No domingo passado, Caboclo
abraçou Tite, posou risonho para fotos com atletas e seguiu protocolo de amenidades.
De noite, a bomba da saída da Copa América da Argentina precedeu o anúncio da
segunda pela manhã de que o Brasil receberia a competição mais uma vez.
A surpresa foi geral e criou
mal-estar. O apoio - e o respaldo do presidente da República, Jair Bolsonaro -,
as cobranças em redes sociais para os jogadores se posicionarem frente às
críticas do seu país receber competição rejeitada pela Argentina, no meio de
crise de Covid-19, levantou debate na Seleção sobre manifestação dos atletas.

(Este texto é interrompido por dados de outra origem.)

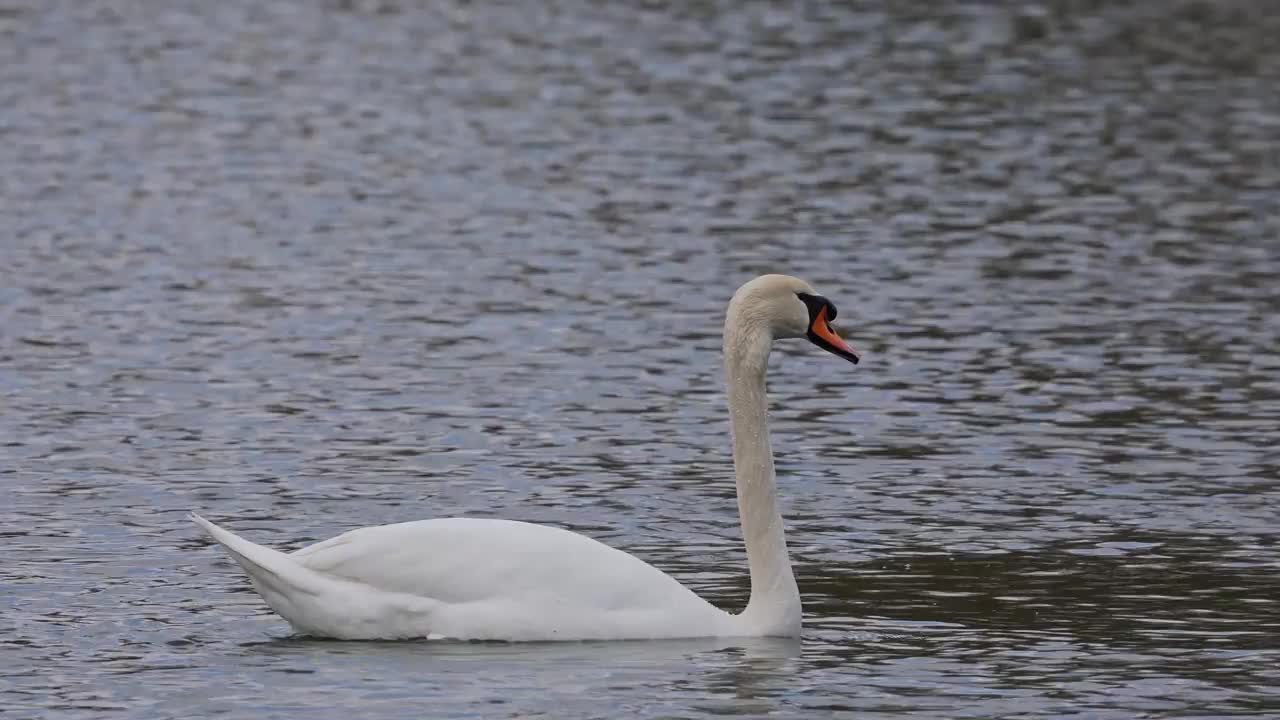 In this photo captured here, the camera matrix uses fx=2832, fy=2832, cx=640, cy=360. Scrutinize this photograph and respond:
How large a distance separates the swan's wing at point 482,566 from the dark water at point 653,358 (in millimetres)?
283

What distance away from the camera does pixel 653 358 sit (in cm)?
2091

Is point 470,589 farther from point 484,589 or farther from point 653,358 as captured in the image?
point 653,358

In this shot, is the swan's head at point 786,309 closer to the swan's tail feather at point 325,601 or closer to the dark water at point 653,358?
the dark water at point 653,358

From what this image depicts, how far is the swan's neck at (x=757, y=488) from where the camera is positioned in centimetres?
1269

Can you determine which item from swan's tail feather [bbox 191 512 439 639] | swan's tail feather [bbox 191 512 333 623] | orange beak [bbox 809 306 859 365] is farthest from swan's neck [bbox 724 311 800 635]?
swan's tail feather [bbox 191 512 333 623]

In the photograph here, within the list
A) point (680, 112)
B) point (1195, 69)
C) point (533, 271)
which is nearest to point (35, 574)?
point (533, 271)

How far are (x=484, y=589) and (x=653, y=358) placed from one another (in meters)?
8.58

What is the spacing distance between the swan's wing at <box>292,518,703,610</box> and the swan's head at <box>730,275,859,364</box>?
1296mm

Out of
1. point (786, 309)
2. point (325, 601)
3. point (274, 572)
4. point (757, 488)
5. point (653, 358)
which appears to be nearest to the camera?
point (274, 572)

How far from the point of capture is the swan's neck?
1269 cm

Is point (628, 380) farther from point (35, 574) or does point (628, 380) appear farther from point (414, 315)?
point (35, 574)

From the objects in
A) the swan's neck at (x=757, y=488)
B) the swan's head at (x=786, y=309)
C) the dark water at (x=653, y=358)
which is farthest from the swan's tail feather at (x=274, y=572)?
A: the swan's head at (x=786, y=309)

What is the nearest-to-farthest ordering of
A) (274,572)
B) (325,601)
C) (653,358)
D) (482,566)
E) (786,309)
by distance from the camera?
1. (274,572)
2. (325,601)
3. (482,566)
4. (786,309)
5. (653,358)

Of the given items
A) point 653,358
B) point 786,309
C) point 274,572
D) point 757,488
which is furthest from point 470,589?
point 653,358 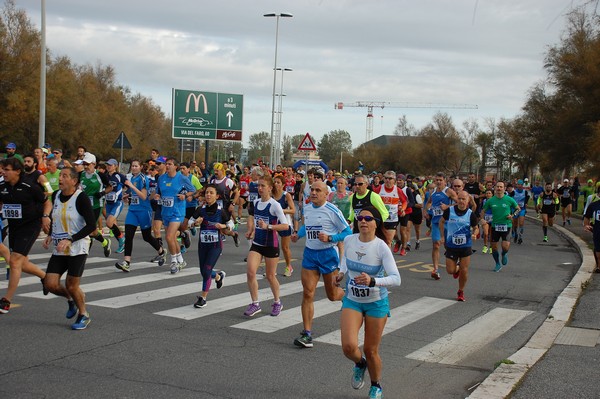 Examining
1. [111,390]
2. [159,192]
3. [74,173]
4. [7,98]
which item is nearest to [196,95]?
[7,98]

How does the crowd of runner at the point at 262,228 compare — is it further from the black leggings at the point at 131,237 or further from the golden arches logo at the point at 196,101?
the golden arches logo at the point at 196,101

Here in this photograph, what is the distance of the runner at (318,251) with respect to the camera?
8039mm

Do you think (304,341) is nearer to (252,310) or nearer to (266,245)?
(252,310)

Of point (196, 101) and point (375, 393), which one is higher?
point (196, 101)

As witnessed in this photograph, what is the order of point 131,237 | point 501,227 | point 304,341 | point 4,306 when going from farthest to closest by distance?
point 501,227, point 131,237, point 4,306, point 304,341

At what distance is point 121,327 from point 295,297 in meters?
3.36

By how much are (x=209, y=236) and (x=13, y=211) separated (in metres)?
2.54

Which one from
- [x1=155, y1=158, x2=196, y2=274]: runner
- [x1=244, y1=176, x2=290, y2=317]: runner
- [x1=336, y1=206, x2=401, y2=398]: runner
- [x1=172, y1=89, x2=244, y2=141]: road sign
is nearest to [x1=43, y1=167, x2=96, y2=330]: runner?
[x1=244, y1=176, x2=290, y2=317]: runner

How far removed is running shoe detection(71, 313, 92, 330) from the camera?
8128mm

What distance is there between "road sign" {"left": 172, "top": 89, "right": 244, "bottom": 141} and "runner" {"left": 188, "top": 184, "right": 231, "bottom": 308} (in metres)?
23.3

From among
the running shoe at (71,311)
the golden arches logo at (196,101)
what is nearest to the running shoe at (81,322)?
the running shoe at (71,311)

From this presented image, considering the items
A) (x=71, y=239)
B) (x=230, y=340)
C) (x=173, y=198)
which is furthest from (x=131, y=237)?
(x=230, y=340)

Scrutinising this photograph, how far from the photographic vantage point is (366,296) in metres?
6.14

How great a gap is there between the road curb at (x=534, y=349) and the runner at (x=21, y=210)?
5.56 metres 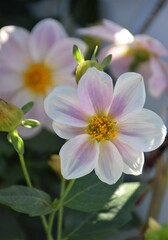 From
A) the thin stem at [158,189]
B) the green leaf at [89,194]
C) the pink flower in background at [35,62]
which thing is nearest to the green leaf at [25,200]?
the green leaf at [89,194]

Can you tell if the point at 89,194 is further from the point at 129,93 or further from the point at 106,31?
the point at 106,31

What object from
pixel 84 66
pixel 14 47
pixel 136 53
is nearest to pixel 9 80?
pixel 14 47

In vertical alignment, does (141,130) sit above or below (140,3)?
above

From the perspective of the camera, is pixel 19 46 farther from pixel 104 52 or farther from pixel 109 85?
pixel 109 85

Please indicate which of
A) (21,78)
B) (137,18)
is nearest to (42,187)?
(21,78)

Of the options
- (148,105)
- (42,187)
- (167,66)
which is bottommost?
(42,187)

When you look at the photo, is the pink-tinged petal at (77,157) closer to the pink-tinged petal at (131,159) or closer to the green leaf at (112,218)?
the pink-tinged petal at (131,159)

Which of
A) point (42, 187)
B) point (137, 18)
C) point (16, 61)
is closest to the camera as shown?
point (16, 61) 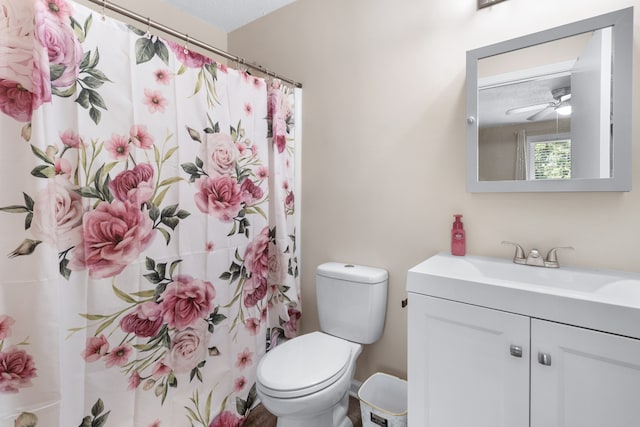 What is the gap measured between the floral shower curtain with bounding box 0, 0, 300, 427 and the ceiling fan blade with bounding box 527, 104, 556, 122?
125 cm

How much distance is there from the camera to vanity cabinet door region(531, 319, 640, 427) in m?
0.82

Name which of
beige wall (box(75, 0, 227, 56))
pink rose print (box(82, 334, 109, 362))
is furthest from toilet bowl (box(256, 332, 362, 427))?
beige wall (box(75, 0, 227, 56))

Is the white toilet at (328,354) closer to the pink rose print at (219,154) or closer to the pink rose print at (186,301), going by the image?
the pink rose print at (186,301)

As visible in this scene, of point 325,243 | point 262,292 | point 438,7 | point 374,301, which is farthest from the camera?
point 325,243

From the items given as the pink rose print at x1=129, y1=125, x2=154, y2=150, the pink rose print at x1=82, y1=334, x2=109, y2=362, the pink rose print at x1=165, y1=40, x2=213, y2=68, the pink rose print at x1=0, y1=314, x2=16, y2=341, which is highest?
the pink rose print at x1=165, y1=40, x2=213, y2=68

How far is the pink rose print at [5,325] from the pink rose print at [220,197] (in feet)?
2.44

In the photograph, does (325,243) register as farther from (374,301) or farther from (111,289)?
(111,289)

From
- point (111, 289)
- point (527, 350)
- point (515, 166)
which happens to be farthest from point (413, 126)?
point (111, 289)

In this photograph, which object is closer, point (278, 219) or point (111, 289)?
point (111, 289)

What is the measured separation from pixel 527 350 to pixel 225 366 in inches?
54.3

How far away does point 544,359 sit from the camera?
91 centimetres

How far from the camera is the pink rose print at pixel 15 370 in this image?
0.98 m

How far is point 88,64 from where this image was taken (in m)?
1.13

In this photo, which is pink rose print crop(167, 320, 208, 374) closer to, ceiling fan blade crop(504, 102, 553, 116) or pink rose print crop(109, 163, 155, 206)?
pink rose print crop(109, 163, 155, 206) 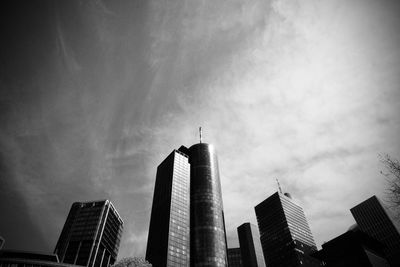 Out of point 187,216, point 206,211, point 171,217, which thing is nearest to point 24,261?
point 171,217

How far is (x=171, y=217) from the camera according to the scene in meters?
128

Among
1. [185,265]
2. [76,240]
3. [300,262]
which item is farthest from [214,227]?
[76,240]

Em outras palavras, não queriam se sentir massa de manobra de ninguém.
Frágil, Caboclo causou
constrangimento no vestiário da seleção brasileira, quando fez discurso
inflamado. O ambiente que já não era leve se tornava insustentável. Sugeriu que
ninguém falasse publicamente, o que não aconteceu. Em forma de enigma, Casemiro
disse que "todos sabiam da posição" dos jogadores e da comissão
técnica, mas só falariam depois da partida do Paraguai.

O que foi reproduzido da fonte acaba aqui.